Source code for agentscope.service.web.web_digest

# -*- coding: utf-8 -*-
"""parsing and digesting the web pages"""
import json
from urllib.parse import urlparse
from typing import Optional, Callable, Sequence, Any
import requests
from loguru import logger


from agentscope.service.service_response import ServiceResponse
from agentscope.service.service_status import ServiceExecStatus
from agentscope.models.model import ModelWrapperBase
from agentscope.service import summarization


DEFAULT_WEB_SYS_PROMPT = (
    "You're a web page analyser. You job is to extract important"
    "and useful information from html or webpage description.\n"
)



[docs]
def is_valid_url(url: str) -> bool:
    """
    Use urlparse to check if a URL is valid
    Args:
        url (str): string to be checked

    Returns:
        bool: True if url is valid, False otherwise
    """
    try:
        result = urlparse(url)
        # Check if the URL has both a scheme
        # (e.g., "http" or "https") and a netloc (domain).
        return all([result.scheme, result.netloc])
    except ValueError:
        return False  # A ValueError indicates that the URL is not valid.




[docs]
def load_web(
    url: str,
    keep_raw: bool = True,
    html_selected_tags: Optional[Sequence[str]] = None,
    self_parse_func: Optional[Callable[[requests.Response], Any]] = None,
    timeout: int = 5,
) -> ServiceResponse:
    """Function for parsing and digesting the web page.

    Args:
        url (str): the url of the web page
        keep_raw (bool):
            Whether to keep raw HTML. If True, the content is
            stored with key "raw".
        html_selected_tags (Optional[Sequence[str]]):
            the text in elements of `html_selected_tags` will
            be extracted and stored with "html_to_text"
            key in return.
        self_parse_func (Optional[Callable]):
            if "self_parse_func" is not None, then the
            function will be invoked with the
            requests.Response as input.
            The result is stored with `self_define_func`
            key
        timeout (int): timeout parameter for requests.

    Returns:
        `ServiceResponse`: If successful, `ServiceResponse` object is returned
        with `content` field is a dict, where keys are subset of:

            "raw": exists if `keep_raw` is True, store raw HTML content`;

            "self_define_func": exists if `self_parse_func` is provided,
            store the return of self_define_func;

            "html_to_text": exists if `html_selected_tags` is provided
            and not empty;

            "json": exists if url links to a json webpage, then it is
            parsed as json.

         For example, `ServiceResponse.content` field is

        .. code-block:: python

            {
                "raw": xxxxx,
                "selected_tags_text": xxxxx
            }
    """
    header = {
        "Accept-Language": "zh-CN,zh;q=0.9,en;q=0.8,en-GB;q=0.7,en-US;q=0.6",
        "Cache-Control": "max-age=0",
        "Upgrade-Insecure-Requests": "1",
        "User-Agent": "Mozilla/5.0 (X11; Linux x86_64)"
        " AppleWebKit/537.36 (KHTML, like Gecko) ",
    }
    try:
        response = requests.get(url=url, headers=header, timeout=timeout)

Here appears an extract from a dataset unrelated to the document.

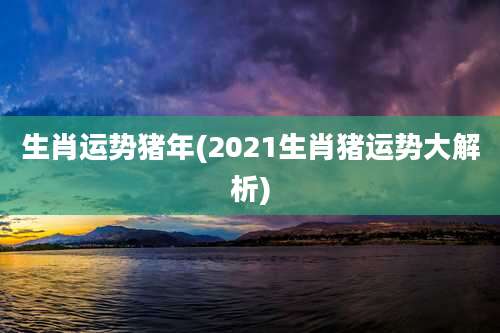 生肖运势猪年(2021生肖猪运势大解析)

        if response.status_code == 200:
            results = {}
            if keep_raw:
                results["raw"] = response.content

            if self_parse_func:
                results["self_define_func"] = self_parse_func(response)

            content_type = response.headers["Content-Type"].lower()
            if "html" in content_type and html_selected_tags:
                html_clean_text = parse_html_to_text(
                    response.text,
                    html_selected_tags,
                )
                results["html_to_text"] = html_clean_text
            elif "pdf" in content_type:
                # TODO: support pdf in the future
                logger.warning(
                    "Current version does not parse url with pdf "
                    "Content-Types",
                )
            elif "json" in content_type:
                results["json"] = json.loads(response.text)
            elif "image" in content_type:
                # TODO: to support image (gif, jpeg, png) data
                logger.warning(
                    "Current implementation returns binary "
                    "response.content for url with image Content-Types",
                )
            else:
                raise NotImplementedError(
                    f"Unsupported content type ({content_type}) "
                    f"with url: ({url})",
                )

            return ServiceResponse(
                ServiceExecStatus.SUCCESS,
                content=results,
            )
        else:
            logger.warning(
                f"Fail to load web page, "
                f"status code {response.status_code}",
            )
            return ServiceResponse(
                ServiceExecStatus.ERROR,
                content="",
            )
    except Exception as e:
        logger.warning(e)
        return ServiceResponse(ServiceExecStatus.ERROR, content="")




[docs]
def parse_html_to_text(
    html_text: str,
    html_selected_tags: Optional[Sequence[str]] = None,
) -> str:
    """
    Parse the obtained HTML file.

    Args:
        html_text (str):
            HTML source code
        html_selected_tags (Optional[Sequence[str]]):
            the text in elements of `html_selected_tags` will
            be extracted and returned.

    Returns:
        `ServiceResponse`: If successful, `ServiceResponse` object is returned
        with `content` field is processed text content of the selected tags,
    """
    if html_selected_tags:
        logger.info(
            f"extracting text information from tags: " f"{html_selected_tags}",
        )
        try:
            from bs4 import BeautifulSoup, NavigableString, Tag
        except ImportError as exc:
            raise ImportError(
                "BeautifulSoup4 is required for processing the "
                "web page without model."
                "Please install with `pip install bs4` .",
            ) from exc

        doc = BeautifulSoup(html_text, "html.parser")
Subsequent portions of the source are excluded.